**What is expected:**
Please print the full listing below exactly, but not the pictures in it.

**Data shown:**

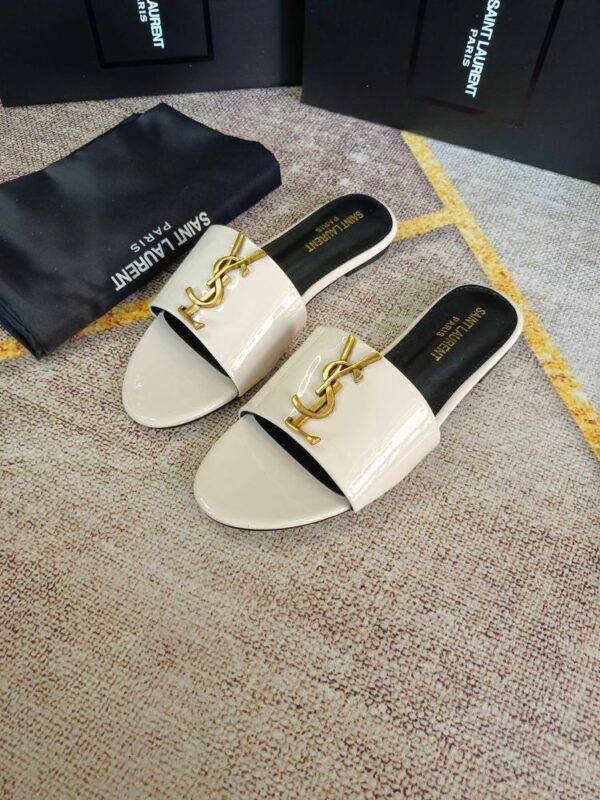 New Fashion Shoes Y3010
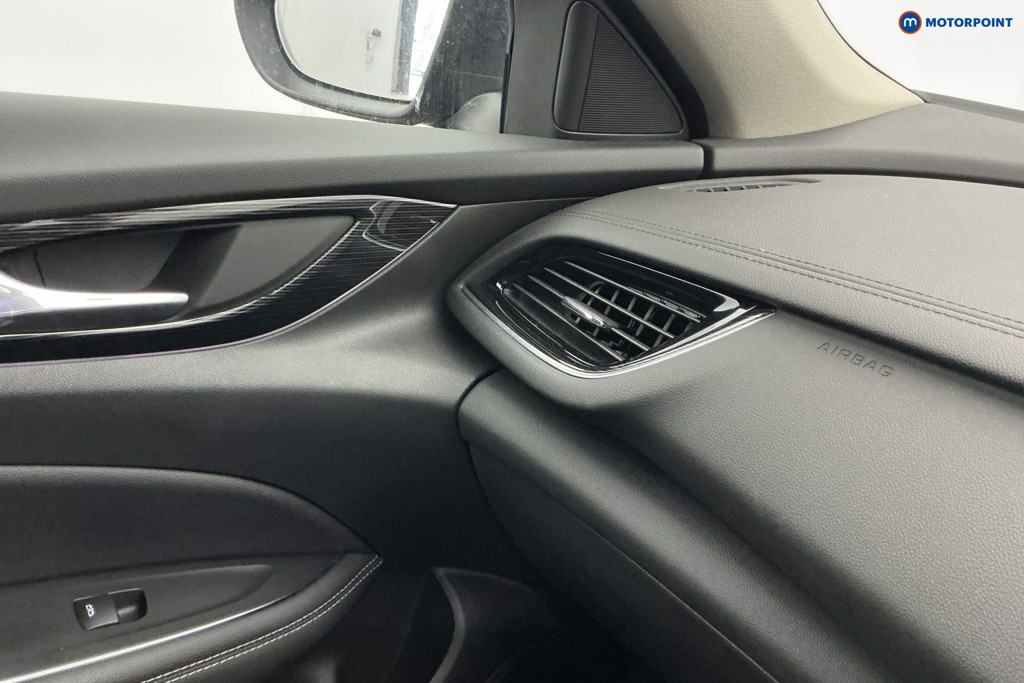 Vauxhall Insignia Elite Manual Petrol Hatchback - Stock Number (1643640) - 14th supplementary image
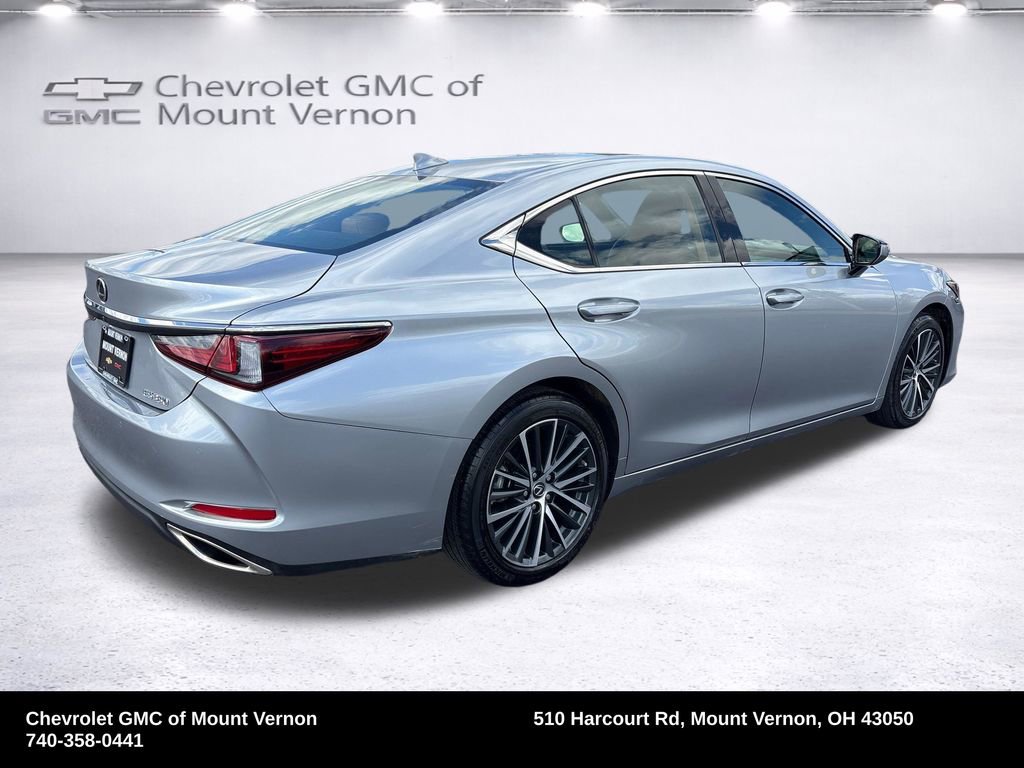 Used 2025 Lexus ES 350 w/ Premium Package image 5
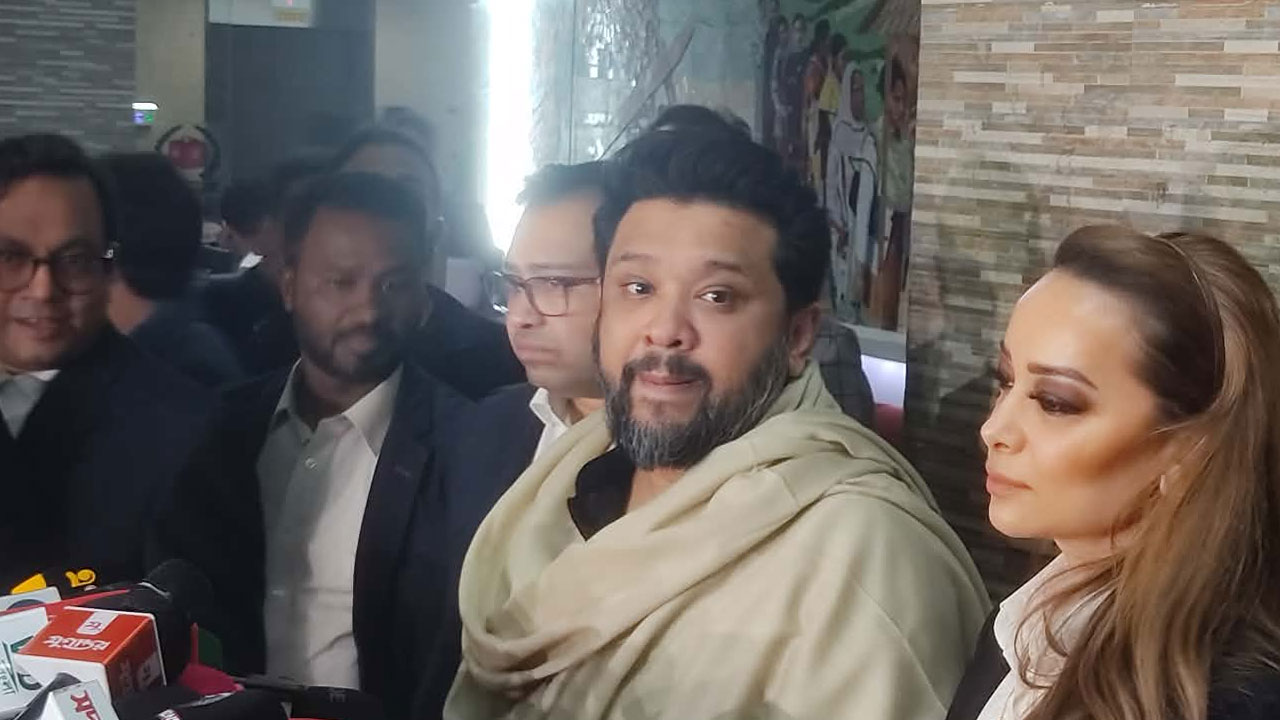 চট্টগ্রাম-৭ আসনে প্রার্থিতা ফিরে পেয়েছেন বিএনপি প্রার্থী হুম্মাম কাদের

**Written response:**
 New Fashion Shoes Y3010
 Vauxhall Insignia Elite Manual Petrol Hatchback - Stock Number (1643640) - 14th supplementary image
 Used 2025 Lexus ES 350 w/ Premium Package image 5
 চট্টগ্রাম-৭ আসনে প্রার্থিতা ফিরে পেয়েছেন বিএনপি প্রার্থী হুম্মাম কাদের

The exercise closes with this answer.